Yes, and its available here https://www.mustakbil.com/.well-known/sxg-update-publickey.pem

naveedahmed1 commented 1 year ago

I think I got it working, but not sure. I was creating a signature with defaults, which in case of .Net Core uses IEEE P1363 format but since openssl dgst returns an ECDSA signature in ASN.1/DER, I should have used this format.

Now, as per docs https://github.com/google/webpackager/blob/main/docs/update_cache_api.md#output--errors

All responses will be of type application/json containing the following fields:

success: true or false message: A description if the success is false. For example: “The SXG URL is not found in the cache.”, or “Invalid URL signature, using public key ”. success: true is returned only for 202 responses. So the client may avoid parsing JSON upon seeing a 202 response. All other non-202 responses will return JSON response {success: false, message: “”}

But previously, I was receiving 200 status code with this response "{\"error\":true,\"reason\":\"Invalid public key signature. Update cache denied.\"}"

But now I still see 200 status code but without any json object, all I see is OK.

Does it mean its working?

banaag commented 1 year ago

If you see an OK response, it should be working.

naveedahmed1 commented 1 year ago

Just wanted to confirm that SXG seems to be working fine for different urls of the site.

My conclusion is that, it was the s-maxage header which was causing the issue.

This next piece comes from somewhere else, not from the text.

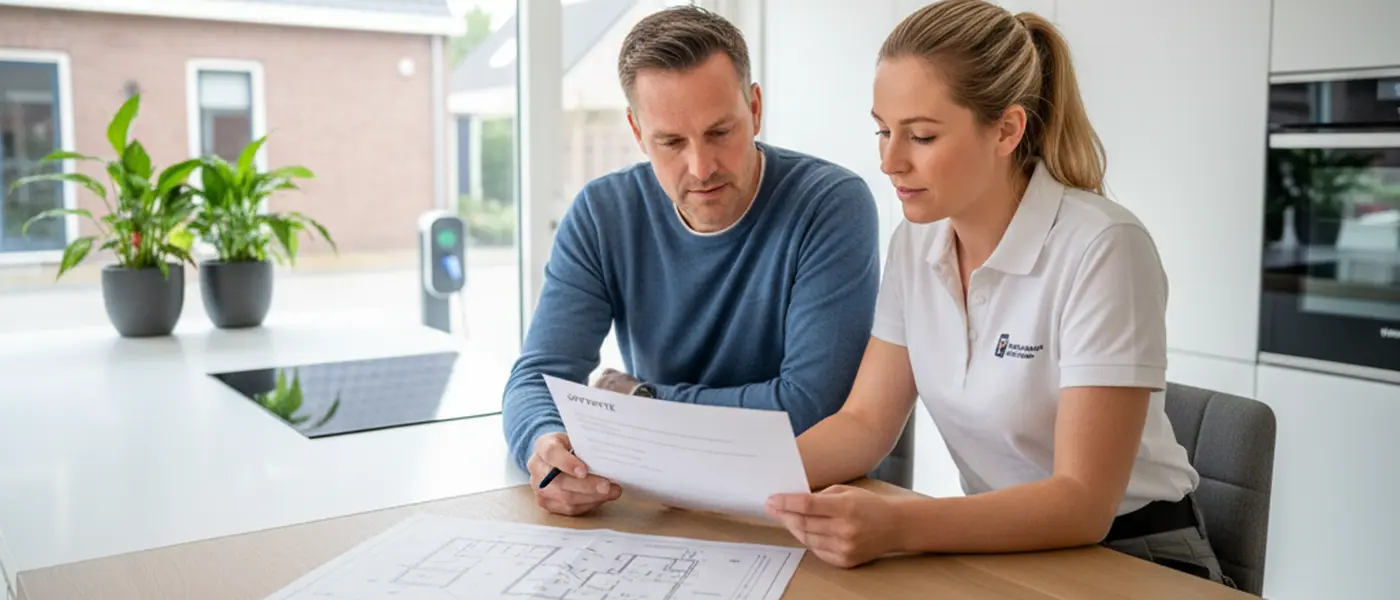Huiseigenaar en elektricien bekijken samen een offerte aan de keukentafel met een installatieschema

I also want to thank you for your time and following this issue and providing your valuable suggestions.

naveedahmed1 commented 10 months ago

@banaag just following up on this issue. The issue seems to persists for our website and we have now finally decided to disable the SXG for our website.

I wanted to share one more thing and wanted to have your opinion on this.

We use Cloudflare for our website and Cloudflare periodically renews the certifictes of the websites, in our case it seems it renews it every two months. On Oct 20 we received email from Cloudflare informing "Cloudflare has observed issuance of the following certificate for mustakbil.com](https://www.mustakbil.com/) or one of its subdomains"

And around the sames dates we observed the same issue described in this issue.

I wanted to know should the issuance of the new certificate cause this issue especially if we have contents with long expiry?

In one of your previous messages you have mentioned that when you were investigating the issue, you found that the certificate is invalid.